Josh Sorokach: Jordan Baker 

I completely understand how absurd a crush on The Great Gatsby’s Jordan Baker sounds, but crushes are rarely synonymous with rational thought. I’m certain JB, as I would lovingly refer to her until tersely reprimanded, is the type of person you’d initially find intriguing, then eventually grow to despise. Logically, I understand that we’d never succeed as a couple. One, she’s fictional. People with fictional girlfriends are doomed to spend their lives attending weddings alone. Two, she’s kind of awful. Awful in a charming, slightly enigmatic way, but awful nonetheless. I’m reminded of Nick Carraway’s words on ending it with Jordan Baker: “Angry, and half in love with her, and tremendously sorry, I turned away.” A relationship that can evoke that type of passion, even of the fleeting variety, is worth experiencing. Every well-lived life contains a few necessary sojourns of the Jordan Baker variety.

Melissa Albert: Peter Pan

So this is a weird one, right?
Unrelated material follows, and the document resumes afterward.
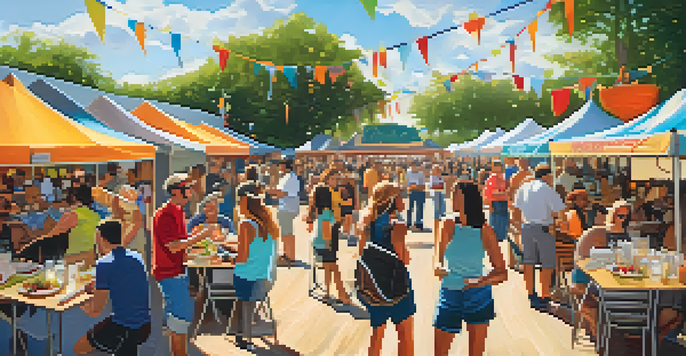 An outdoor culinary festival in Austin with food trucks, colorful dishes, and attendees enjoying their meals surrounded by greenery and musicians.
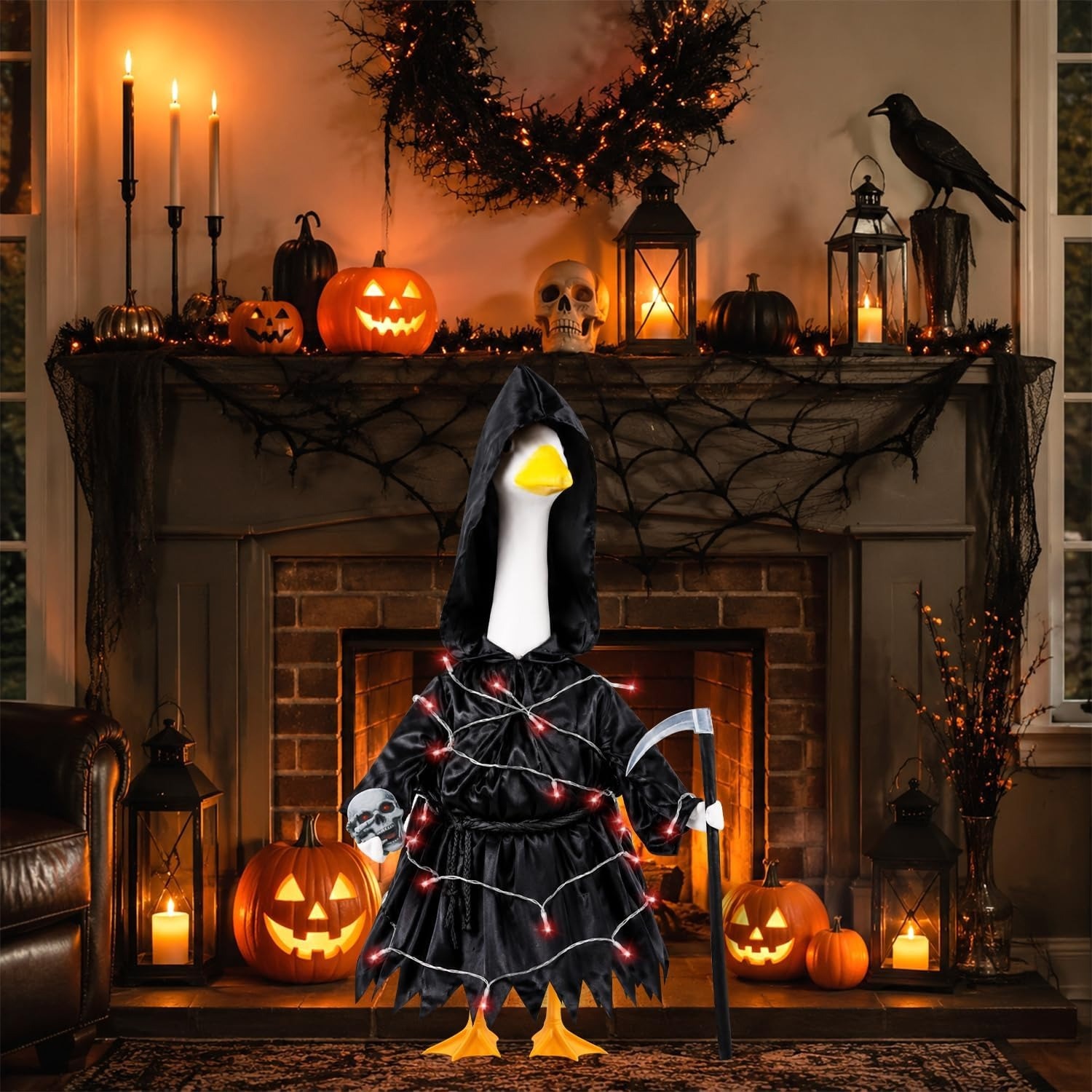Halloween 23 Inch Porch Goose Grim Reaper Outfit, Party Scene Decor Costume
Not only is Peter not legal, but he never will be—even if fictional characters could grow up, he’s the one who wouldn’t. But speaking for pre-teen Me, there was nobody like J.M. Barrie’s Peter. He was wild, untamable, and brave, longing for female companionship even as he rebelled against it. For a bookish little girl, Peter Pan was a gateway bad boy, giving Wendy just enough attention to keep her wanting more. And despite his moodiness and distractible nature, he kept on coming back for her…until she finally committed the ultimate crime of growing up. Though I’m old enough now that I’d be forced to hang not with the Lost Boys but the pirates, I still have a soft spot for Peter. Now I just see things from a Mrs. Darling point of view.

Janet Manley: Robert Kincaid

I am a lover of great books. Books that are the focus of “conversations” in the Paris Review and the New Yorker and the London Review of Books. Sadly, Robert Kincaid, the road nomad whose “small rear in tight jeans” walked into The Bridges of Madison County to sweep the heroine off her feet, remains unexamined by these institutions. What about Kincaid seduced me? The smell of quiet, perhaps, or his fondness for words, or maybe the manly way he wielded his National Geographic camera (a metaphor…for cameras). Perhaps it was his casual self-image: “I am the highway and a peregrine and all the sails that ever went to sea.” Perhaps it was the way he saw right into the soul of the lost woman at the center of the story (“clearly outlined nipples”). If I’m honest, perhaps he lit a fire because I believed that, one day, I might have sex with “a leopard-like creature who rode on the tail of a comet.” Robert James Waller Kincaid, you have my heart. Sorry I’m not sorry.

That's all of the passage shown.